From the records below, please repeat exactly the line that has "Bliss Samaya Decorative", the line that has "Seilbahn Wendelstein Wendelsteinhotel", and every line between them, and nothing else.

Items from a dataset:
=== Section Start ===
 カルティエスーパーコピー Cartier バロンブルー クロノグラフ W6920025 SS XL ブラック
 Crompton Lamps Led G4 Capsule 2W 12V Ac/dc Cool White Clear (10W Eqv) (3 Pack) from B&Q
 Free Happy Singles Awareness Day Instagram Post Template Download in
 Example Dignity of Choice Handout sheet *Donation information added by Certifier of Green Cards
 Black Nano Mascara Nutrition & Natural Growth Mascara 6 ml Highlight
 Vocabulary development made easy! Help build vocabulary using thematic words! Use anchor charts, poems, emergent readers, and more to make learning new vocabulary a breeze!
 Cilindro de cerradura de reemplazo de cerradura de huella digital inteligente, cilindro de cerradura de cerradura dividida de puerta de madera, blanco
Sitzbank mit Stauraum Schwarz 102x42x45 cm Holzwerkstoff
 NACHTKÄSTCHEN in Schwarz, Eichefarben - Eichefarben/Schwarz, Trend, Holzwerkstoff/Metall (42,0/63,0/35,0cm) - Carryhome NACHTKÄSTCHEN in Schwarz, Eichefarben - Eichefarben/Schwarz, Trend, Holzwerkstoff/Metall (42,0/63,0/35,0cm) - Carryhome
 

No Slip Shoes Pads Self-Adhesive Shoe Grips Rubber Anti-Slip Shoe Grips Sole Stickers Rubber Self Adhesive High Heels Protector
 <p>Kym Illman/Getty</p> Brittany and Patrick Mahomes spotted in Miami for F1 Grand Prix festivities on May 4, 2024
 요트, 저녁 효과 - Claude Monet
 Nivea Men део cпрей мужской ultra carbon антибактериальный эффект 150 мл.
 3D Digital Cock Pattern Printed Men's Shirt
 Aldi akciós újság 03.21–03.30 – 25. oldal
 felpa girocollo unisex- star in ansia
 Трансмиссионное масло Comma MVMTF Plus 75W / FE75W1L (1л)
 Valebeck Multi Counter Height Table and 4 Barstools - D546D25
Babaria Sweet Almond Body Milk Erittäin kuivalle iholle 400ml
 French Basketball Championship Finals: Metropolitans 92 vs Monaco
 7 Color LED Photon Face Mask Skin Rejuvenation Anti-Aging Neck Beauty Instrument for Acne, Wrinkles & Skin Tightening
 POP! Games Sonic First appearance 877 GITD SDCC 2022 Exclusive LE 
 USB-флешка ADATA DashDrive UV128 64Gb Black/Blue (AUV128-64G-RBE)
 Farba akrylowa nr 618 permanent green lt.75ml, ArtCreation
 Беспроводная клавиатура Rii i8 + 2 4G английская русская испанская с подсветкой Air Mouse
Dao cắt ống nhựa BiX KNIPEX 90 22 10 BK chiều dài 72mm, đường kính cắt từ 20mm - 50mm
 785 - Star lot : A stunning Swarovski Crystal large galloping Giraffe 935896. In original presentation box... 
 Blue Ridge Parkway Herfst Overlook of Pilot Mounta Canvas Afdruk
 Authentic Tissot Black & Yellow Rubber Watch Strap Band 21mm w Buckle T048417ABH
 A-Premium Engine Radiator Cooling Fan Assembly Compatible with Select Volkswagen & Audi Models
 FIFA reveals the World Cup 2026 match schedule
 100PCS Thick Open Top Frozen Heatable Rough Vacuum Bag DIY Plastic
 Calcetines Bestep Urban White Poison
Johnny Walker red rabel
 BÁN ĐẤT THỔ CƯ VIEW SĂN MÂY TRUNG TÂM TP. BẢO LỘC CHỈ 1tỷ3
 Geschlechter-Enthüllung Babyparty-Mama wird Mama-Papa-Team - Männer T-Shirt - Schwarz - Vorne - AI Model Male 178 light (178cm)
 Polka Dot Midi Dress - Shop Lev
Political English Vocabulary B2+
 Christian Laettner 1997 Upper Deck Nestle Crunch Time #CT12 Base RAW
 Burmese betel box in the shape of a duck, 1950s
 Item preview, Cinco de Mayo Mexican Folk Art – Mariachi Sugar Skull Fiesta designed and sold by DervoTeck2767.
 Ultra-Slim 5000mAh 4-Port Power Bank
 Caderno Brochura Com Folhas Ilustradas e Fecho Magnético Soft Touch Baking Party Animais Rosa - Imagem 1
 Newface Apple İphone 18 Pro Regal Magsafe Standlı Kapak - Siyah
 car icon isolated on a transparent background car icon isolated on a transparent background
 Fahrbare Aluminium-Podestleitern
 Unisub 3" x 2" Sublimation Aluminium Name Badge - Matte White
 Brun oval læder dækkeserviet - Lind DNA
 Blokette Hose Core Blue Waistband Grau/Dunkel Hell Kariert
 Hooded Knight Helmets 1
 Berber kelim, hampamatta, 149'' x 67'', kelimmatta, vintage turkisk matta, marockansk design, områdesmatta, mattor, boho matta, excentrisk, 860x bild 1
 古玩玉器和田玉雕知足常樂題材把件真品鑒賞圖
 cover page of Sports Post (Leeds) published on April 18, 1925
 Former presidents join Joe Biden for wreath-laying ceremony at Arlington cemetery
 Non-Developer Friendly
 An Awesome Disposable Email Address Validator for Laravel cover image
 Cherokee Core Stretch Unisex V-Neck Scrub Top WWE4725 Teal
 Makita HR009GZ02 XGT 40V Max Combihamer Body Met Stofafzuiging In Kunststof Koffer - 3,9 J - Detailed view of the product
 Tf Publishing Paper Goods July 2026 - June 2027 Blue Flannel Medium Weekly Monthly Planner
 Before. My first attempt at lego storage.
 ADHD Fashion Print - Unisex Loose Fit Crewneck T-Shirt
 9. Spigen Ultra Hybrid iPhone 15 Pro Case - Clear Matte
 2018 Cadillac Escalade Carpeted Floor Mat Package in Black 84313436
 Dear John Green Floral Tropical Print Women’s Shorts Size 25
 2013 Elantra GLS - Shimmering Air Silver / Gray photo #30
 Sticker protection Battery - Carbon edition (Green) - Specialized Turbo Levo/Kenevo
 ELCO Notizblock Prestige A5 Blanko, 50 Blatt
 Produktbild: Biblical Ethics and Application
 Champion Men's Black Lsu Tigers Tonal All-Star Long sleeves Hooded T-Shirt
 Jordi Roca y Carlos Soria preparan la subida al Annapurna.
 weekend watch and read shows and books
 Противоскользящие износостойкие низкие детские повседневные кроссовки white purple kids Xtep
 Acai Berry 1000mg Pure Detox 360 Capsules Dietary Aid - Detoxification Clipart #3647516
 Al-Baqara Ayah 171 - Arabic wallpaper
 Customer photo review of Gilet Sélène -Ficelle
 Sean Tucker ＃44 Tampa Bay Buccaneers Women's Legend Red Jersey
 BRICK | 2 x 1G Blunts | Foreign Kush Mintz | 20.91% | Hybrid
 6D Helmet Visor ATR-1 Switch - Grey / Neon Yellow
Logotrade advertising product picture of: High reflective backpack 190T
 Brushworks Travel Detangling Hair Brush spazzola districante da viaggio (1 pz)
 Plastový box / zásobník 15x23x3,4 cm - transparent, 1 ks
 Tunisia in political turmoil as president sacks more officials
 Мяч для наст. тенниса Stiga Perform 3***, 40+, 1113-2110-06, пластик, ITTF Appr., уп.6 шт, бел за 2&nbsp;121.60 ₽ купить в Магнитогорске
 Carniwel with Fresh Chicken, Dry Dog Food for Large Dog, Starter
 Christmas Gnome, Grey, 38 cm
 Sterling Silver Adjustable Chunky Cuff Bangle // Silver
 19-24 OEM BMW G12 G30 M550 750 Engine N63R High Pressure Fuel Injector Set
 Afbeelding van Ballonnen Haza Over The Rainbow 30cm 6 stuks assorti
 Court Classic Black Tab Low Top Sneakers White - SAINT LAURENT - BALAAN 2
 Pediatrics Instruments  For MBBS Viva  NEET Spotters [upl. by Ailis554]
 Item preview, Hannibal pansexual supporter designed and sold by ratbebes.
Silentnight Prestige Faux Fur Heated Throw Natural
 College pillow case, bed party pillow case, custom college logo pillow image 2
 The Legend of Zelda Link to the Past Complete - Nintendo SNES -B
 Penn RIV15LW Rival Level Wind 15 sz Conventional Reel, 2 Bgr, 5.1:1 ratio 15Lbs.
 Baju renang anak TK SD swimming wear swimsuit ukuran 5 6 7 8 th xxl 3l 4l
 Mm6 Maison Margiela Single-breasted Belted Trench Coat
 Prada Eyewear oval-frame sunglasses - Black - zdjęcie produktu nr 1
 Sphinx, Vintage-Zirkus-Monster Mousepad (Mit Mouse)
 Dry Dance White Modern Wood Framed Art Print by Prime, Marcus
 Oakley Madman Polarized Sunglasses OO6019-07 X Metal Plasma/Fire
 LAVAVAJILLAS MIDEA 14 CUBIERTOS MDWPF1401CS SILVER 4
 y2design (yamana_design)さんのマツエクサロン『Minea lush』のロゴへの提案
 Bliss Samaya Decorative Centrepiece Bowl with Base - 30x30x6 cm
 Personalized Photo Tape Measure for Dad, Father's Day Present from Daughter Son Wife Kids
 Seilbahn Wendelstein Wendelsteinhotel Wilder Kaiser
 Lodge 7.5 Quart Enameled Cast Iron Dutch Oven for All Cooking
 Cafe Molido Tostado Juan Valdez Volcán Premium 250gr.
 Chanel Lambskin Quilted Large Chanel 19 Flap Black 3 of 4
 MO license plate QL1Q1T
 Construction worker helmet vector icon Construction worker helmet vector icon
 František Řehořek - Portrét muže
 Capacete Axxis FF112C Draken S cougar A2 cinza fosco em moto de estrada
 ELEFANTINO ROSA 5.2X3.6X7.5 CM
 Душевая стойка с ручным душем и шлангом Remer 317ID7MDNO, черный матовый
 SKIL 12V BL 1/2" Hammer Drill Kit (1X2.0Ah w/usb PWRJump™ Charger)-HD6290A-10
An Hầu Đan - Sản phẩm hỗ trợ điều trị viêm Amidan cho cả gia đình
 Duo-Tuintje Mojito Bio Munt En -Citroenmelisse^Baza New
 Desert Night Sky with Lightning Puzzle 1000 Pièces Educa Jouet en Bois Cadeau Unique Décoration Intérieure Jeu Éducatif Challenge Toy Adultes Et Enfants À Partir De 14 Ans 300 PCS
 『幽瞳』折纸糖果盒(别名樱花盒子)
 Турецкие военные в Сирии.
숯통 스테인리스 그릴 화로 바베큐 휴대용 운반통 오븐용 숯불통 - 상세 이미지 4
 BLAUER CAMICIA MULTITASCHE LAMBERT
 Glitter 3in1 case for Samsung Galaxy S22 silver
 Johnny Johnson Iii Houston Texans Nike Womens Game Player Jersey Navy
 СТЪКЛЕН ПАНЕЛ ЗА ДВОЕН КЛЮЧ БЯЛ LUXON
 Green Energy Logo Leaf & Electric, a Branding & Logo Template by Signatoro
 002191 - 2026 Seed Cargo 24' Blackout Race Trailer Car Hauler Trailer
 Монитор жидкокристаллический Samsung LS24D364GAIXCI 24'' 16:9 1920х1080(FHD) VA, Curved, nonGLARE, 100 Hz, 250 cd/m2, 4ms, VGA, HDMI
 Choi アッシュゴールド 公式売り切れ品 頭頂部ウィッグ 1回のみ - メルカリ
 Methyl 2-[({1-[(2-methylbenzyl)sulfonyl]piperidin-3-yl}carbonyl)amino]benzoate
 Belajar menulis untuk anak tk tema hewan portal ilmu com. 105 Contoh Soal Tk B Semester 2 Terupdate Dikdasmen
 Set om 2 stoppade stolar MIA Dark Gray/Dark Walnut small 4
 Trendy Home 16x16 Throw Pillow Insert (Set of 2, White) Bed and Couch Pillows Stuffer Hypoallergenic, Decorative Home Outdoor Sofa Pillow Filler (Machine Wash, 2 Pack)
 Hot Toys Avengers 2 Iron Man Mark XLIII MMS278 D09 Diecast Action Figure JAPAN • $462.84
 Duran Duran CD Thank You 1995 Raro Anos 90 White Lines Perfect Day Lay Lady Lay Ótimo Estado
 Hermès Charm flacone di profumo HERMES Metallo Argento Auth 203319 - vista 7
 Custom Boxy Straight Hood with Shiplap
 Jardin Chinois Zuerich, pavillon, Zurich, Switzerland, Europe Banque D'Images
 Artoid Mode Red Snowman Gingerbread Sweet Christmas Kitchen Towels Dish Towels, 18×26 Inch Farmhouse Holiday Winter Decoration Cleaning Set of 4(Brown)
=== Section End ===
=== Your response ===
 Bliss Samaya Decorative Centrepiece Bowl with Base - 30x30x6 cm
 Personalized Photo Tape Measure for Dad, Father's Day Present from Daughter Son Wife Kids
 Seilbahn Wendelstein Wendelsteinhotel Wilder Kaiser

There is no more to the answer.